RGDATA SAYS CHANGES TO RETAIL CAP WILL LEAVE CONSUMERS WITH LESS CHOICE & HIGHER PRICES
RGDATA, the representative association for independent family owned shops, convenience stores and supermarkets today warned that increasing store size caps just to “tick a box for the Troika” will seriously damage Irish town centres and ultimately leave consumers with less choice and higher prices. Increasing the retail caps and introducing new measures to facilitate out of town retailers will merely hasten the decline of already fragile town centres.
“For those of us who live, work, run businesses and bring up families in Ireland we need a vibrant, diverse competitive retail sector. Independent family owned shops employ over 90,000 people and contribute about €3.5 billion to the national and local economies. 75% of what we sell is produced in Ireland or sold through Irish suppliers. We need a planning regime that supports sustainable development that will ensure vibrant towns and villages, retail diversity, plenty of consumer choice, good competition, value, quality and local shops that people can walk to,” said RGDATA Director General, Tara Buckley.
Any changes to the Retail Planning Guidelines must deliver an improved retail landscape not large monopolies, fewer shops and ghost towns and villages.
RGDATA has serious concerns about the new Draft Retail Planning Guidelines published yesterday and now open for public consultation with submissions due by 20 December.

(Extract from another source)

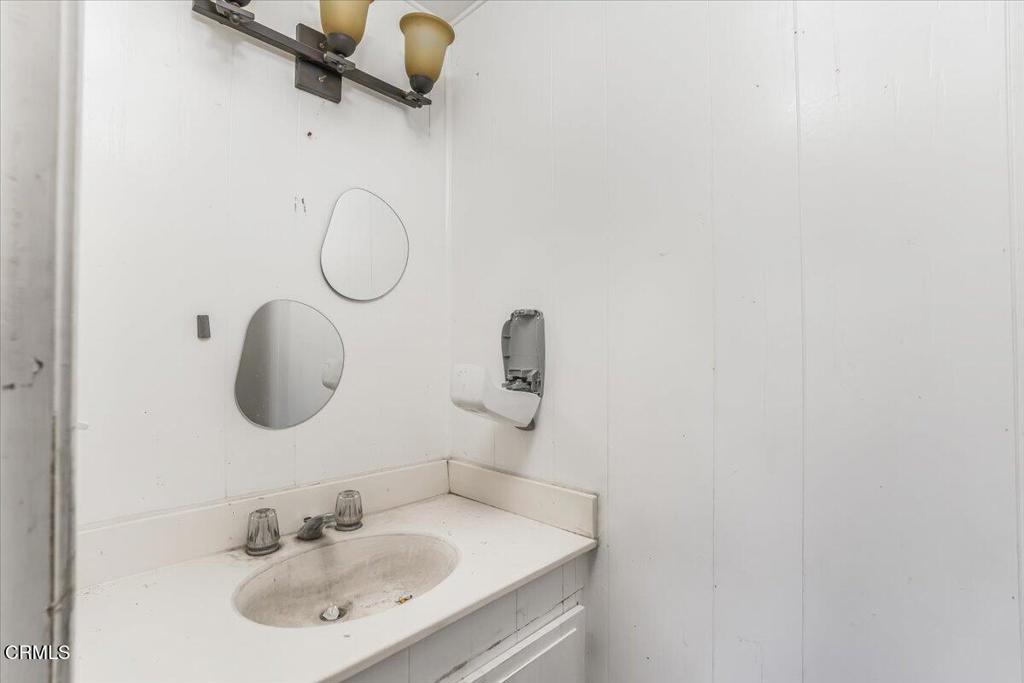 MLS #V1-33203 image #6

“We are relieved to see that the Minister remains committed to retail caps and to vibrant towns and villages. However, we are deeply concerned that changes to increase the cap sizes in some circumstances are being mooted without any justification. The Forfas study, on which the changes are based, provides no factual evidence that the changes will deliver more competition and lower prices. It fact it warns that permitting very large operators may led to local monopolies, less choice and higher prices. The Draft Guidelines also include a specific provision that will allow the proliferation of out of town retail centres. This will have a very regressive impact on town and village centres. Ireland has been ahead of our European neighbours regarding sustainable retail planning. The current Retail Planning Guidelines have been effective where they have been enforced. We should not repeat the mistakes made in retail planning by our EU neighbours with ghost towns and the decline in local shops. The Troika should not be allowed to force unsustainable planning changes which will leave a permanent scar on our landscape.” said Buckley.

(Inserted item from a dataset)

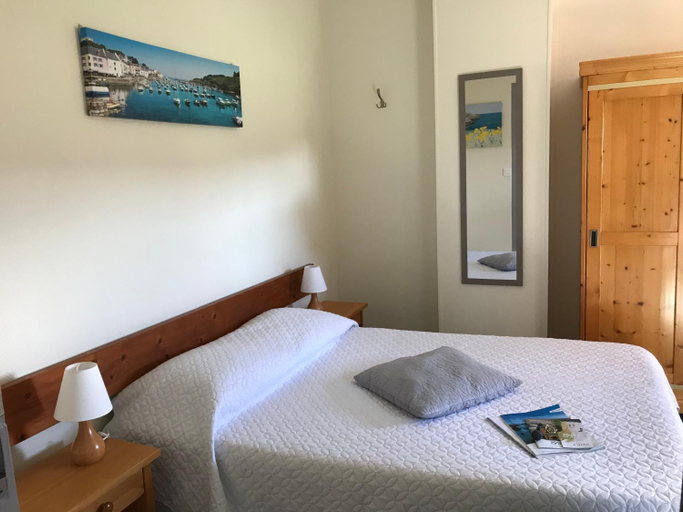 Bedroom 2, Hotel Aux Tamaris, Morbihan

“RGDATA will review the Draft Guidelines and will make a considered submission to the Government by December 20. We urge any one who is interested in Ireland, our community life, vibrant towns and villages, attracting tourism, retail diversity, competition, choice, local jobs, Irish food producers and farmers to make their voice heard. Don’t let the Troika make us introduce changes that will lead to urban dereliction, ghost towns and the closure of local, family owned shops,” said Buckley.